"I am glad that you approve, Madam," said Prue, with an air of the deepest respect, as she again sank gracefully down in a most profound curtsey.

"I said nothing about approval," replied her grandmother sternly. "I know your Sir Geoffrey Beaudesert—a Whig—a renegade, whose father was a good Catholic and a 'King's man.' The son would have made a fitting husband for your father's daughter if he had been loyal to his father's king—but you know well that I would rather see you the wife of the least of Jacobites than the greatest of Whigs. Go your own wilful way and do not pretend to ask my approval."

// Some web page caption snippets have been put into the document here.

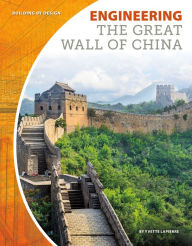Title: Engineering the Great Wall of China, Author: Yvette LaPierre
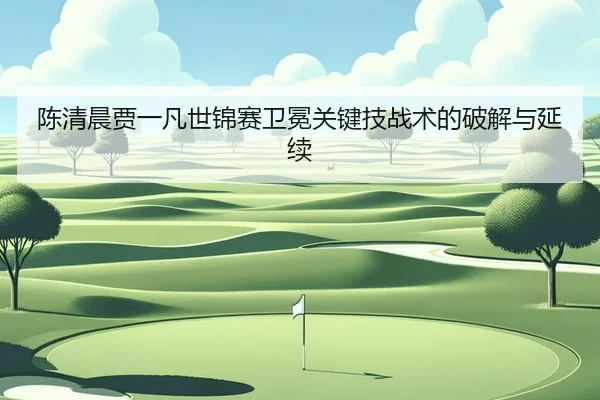 陈清晨贾一凡世锦赛卫冕关键技战术的破解与延续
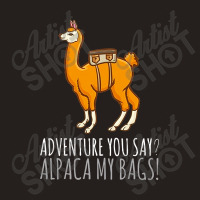 Llama Adveture You Say Alpaca My Bags Tank Top | Artistshot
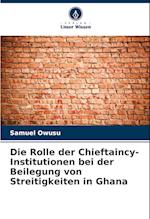 Die Rolle der Chieftaincy-Institutionen bei der Beilegung von Streitigkeiten in Ghana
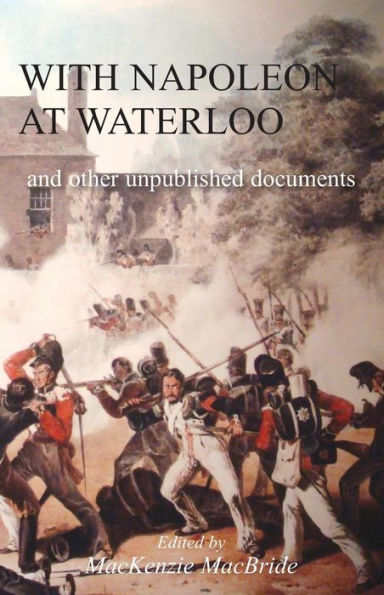With Napoleon at Waterloo: and other unpublished documents on the Peninsula & Waterloo Campaigns. Also papers on Waterloo by the late Edward Bruce Low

"I am not married to him yet," said Prue, who had not been unprepared for a vigorous protest from her ancestress, and for obvious reasons desired to placate her. "Nor would I contemplate such a step until my dear grandmother's recovery set me free from anxiety. And now, if your ladyship will permit us to kiss your hand, we will withdraw, as we grieve to hear that your physician has forbidden you all excitement."

During the whole interview the two girls had remained standing—not being invited to seat themselves, nor venturing to do so without permission. As they withdrew after saluting the tapering, ivory fingers of the invalid, she called after them, with more graciousness than she had yet shown, "You may return in the evening and read me Mr. Pope's poem. I have had it these three weeks and could not bring myself to let Lowton stumble through it. 'Twill give me something to think of besides an old woman's gout and gruel."

CHAPTER III

SIR GEOFFREY'S ARRIVAL

Lady Drumloch was not really half so ill as she fancied herself, and no better medicine could have been prescribed to hasten her convalescence than the gaiety and cheerfulness that her two granddaughters infused into the atmosphere of the little house in Mayfair, as soon as they had recovered from the fatigues of their journey.

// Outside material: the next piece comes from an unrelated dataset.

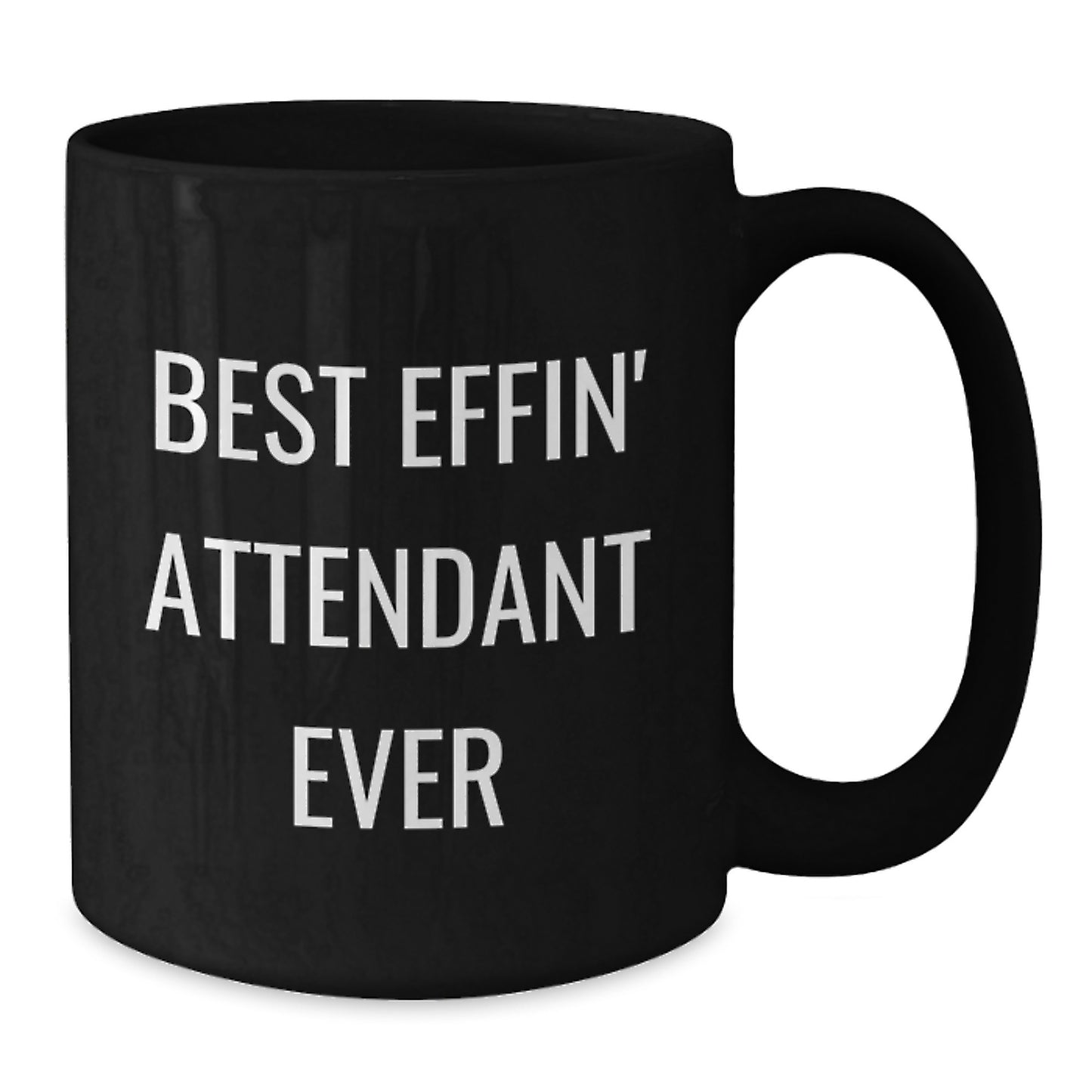 Funny Attendant Gifts from Men to Best Effin' Attendant Ever Black Coffee Mug, Unique Christmas Unique Gifts for Attendants, 11oz or 15oz Black Ceramic Mug - Additional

Instead of lying in bed grumbling at the length of the lonely days and pain-weary nights, her ladyship allowed herself to be cajoled into rising and reclining on a couch, which was then wheeled into the adjoining room by James and the faithful Lowton. At first this was only for an hour or two a day, and the invalid, refusing to admit that she could be, in any way, benefited by the lively gossip of her granddaughters, had insisted that the reading of sermons and other pious works suited better with her age and infirmities than plays and poetry. But by the end of the week she had abandoned Atterbury and Taylor for the Tatler and the latest works of Pope and Prior, and was thirsting for yet more exciting entertainment, which she knew to be tantalizingly near at hand.

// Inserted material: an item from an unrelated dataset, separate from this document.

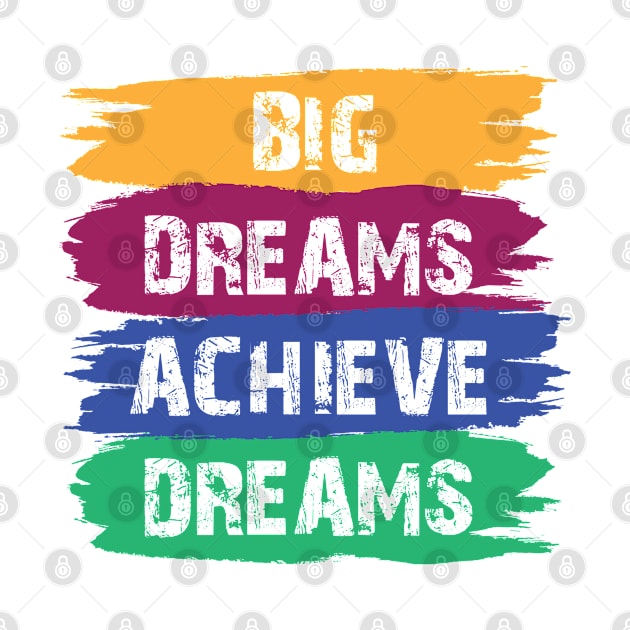 Big Dreams Achieve Dream Design by STUDIOVO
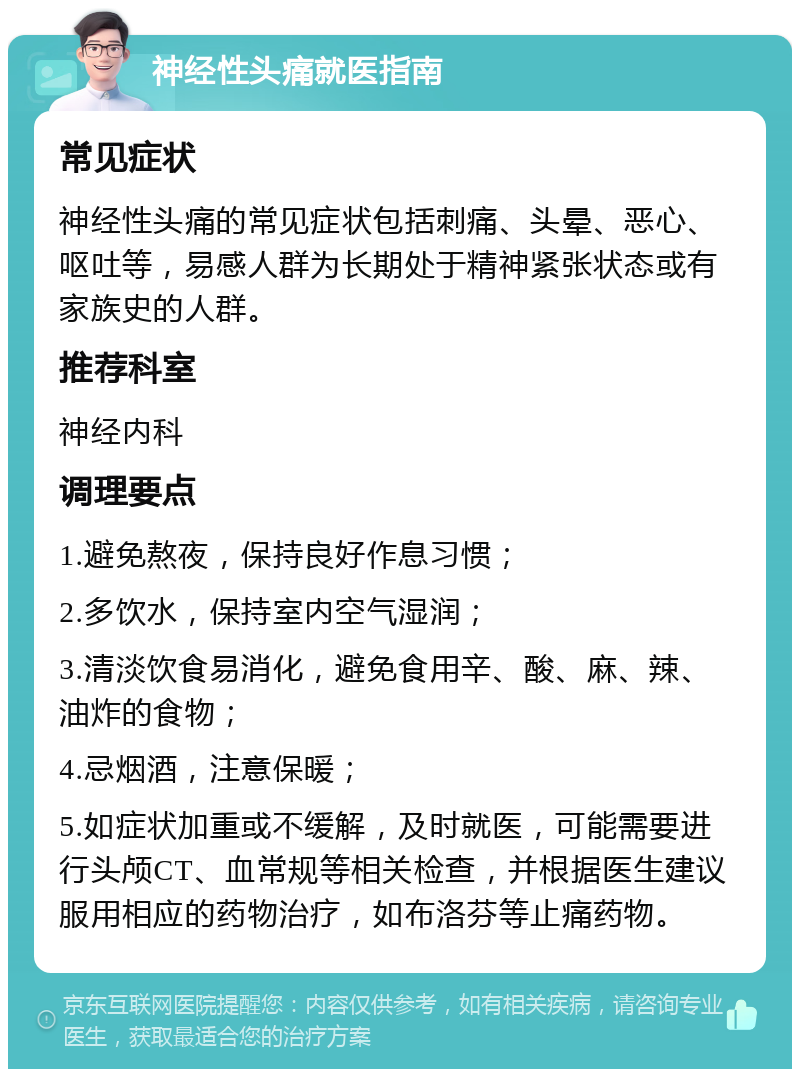 神经性头痛就医指南 常见症状 神经性头痛的常见症状包括刺痛、头晕、恶心、呕吐等，易感人群为长期处于精神紧张状态或有家族史的人群。 推荐科室 神经内科 调理要点 1.避免熬夜，保持良好作息习惯； 2.多饮水，保持室内空气湿润； 3.清淡饮食易消化，避免食用辛、酸、麻、辣、油炸的食物； 4.忌烟酒，注意保暖； 5.如症状加重或不缓解，及时就医，可能需要进行头颅CT、血常规等相关检查，并根据医生建议服用相应的药物治疗，如布洛芬等止痛药物。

As soon as the return of the cousins became known, their numerous friends, who had contented themselves with polite inquiries after the invalid, while Lowton was the sole dispenser of news, displayed a touching solicitude about her condition. Every afternoon Lady Prue held quite a little levee—at which the sickness of the old countess up-stairs did not interfere greatly with the gaiety below. Day by day these cheerful sounds grew more and more exasperating to Lady Drumloch, whose passion for scandal was only whetted by the comments of the two girls, and who chafed rebelliously under the restrictions of the doctor, and led the devoted Lowton the life of a dog.

"Did I hear voices and laughter this afternoon?" she demanded, one evening, when her granddaughters came to bid her a dutiful good night.